Photo: Gilles Sabrié for WSJ
ドナルド・トランプ米大統領が中国製品に高関税を課したことで、貿易を巡ってすでに圧力を受けている世界経済がさらなる問題に直面する可能性がある。4000億ドル(約58兆円)相当の中国製品が代替市場を求めて世界中にあふれるという問題だ。
米国の消費者と企業は2日、中国からの輸入品にかかる関税が9日から平均約70%になると告げられた。トランプ氏が「解放の日」の貿易攻勢の一環で、中国に厳しい追加関税を課したためだ。米国では家電製品からおもちゃ、機械、製造業に欠かせない部品に至るまでさまざまなモノの価格が上昇するだろう。
関税の壁が高くなれば、すでに中国製品であふれている世界市場に、従来は米国向けだった輸出品の一部が流入する可能性がある。
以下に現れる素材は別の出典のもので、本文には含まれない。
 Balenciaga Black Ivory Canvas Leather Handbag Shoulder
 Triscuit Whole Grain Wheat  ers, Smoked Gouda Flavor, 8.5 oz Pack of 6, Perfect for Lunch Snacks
そうなれば、各国が反発している「中国ショック」が激化する恐れがあるとエコノミストは指摘する。米国が輸入を減らせば、ベトナムや韓国、日本なども輸出先を変更せざるを得なくなり、輸出障壁の高まりに直面する可能性がある。
貿易戦争はこうした連鎖反応によって急速にエスカレートするとエコノミストは指摘する。報復の応酬で防御的な障壁が増え、より多くの国が巻き込まれることになる。
「本当の火花はこれからだ」。世界貿易について著作がある北京大学のマイケル・ペティス教授(金融)はこう述べた。
トランプ氏は2日、貿易相手国が輸出を拡大する一方で自国の輸入障壁を高く維持し、米国を不利に追い込んでいるとして、各国に課す関税率を明らかにした。